IIF: Emerging Markets in The Perfect Storm

Emerging markets are suffering from what appears to be a “perfect storm” in recent weeks, with equities, bonds and currencies seeing declines, according to a new research note by the Institute of International Finance.

“Emerging market countries navigating harsh global economic and financial conditions must pursue strong economic policies to reduce vulnerabilities,” said Hung Tran, executive managing director of the IIF. “These countries will need to articulate a reform agenda designed to improve potential future growth.”

The IIF identified five factors that have combined to contribute to intensified headwinds to EM growth and prospects for financial markets:

  • Portfolio rebalancing away from EM assets: Driven by a healing economy and anticipation of Fed liftoff, the U.S. dollar has strengthened by over 20 percent over the past three years, recently reaching 10-year highs on a trade-weighted basis. Together with expectations of rising U.S. rates, these developments have helped trigger a sustained rebalancing of international investors’ portfolios away from EM assets.
  • Heightened refinancing risk: Many EM corporations have borrowed heavily in recent years.

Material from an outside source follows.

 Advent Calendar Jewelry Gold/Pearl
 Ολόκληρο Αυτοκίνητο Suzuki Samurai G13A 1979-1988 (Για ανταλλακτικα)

As the IIF noted in a recent research note, EM nonfinancial corporate debt has risen to 80 percent of GDP, up from 60 percent in 2008. Much of this debt may now not be hedged effectively against currency risk. The IIF calculated that only about 30 percent of EM non-financial corporate borrowers have natural hedges (e.g., exporters with U.S. dollar revenues). For many of these corporations, revenues have slumped along with export prices of late.
  • Commodity price slump: A strengthening U.S. dollar continues to contribute to the multi-year decline in commodity prices, exacerbated in recent weeks by renewed concerns about China’s growth outlook. Sharp gyrations in Chinese equity prices and heavy-handed batteries of government support measures have raised concerns about China’s ability to engineer a soft landing and rebalance the economy. The willingness of the Chinese government to keep moving towards a fully market driven economy has also been called into question.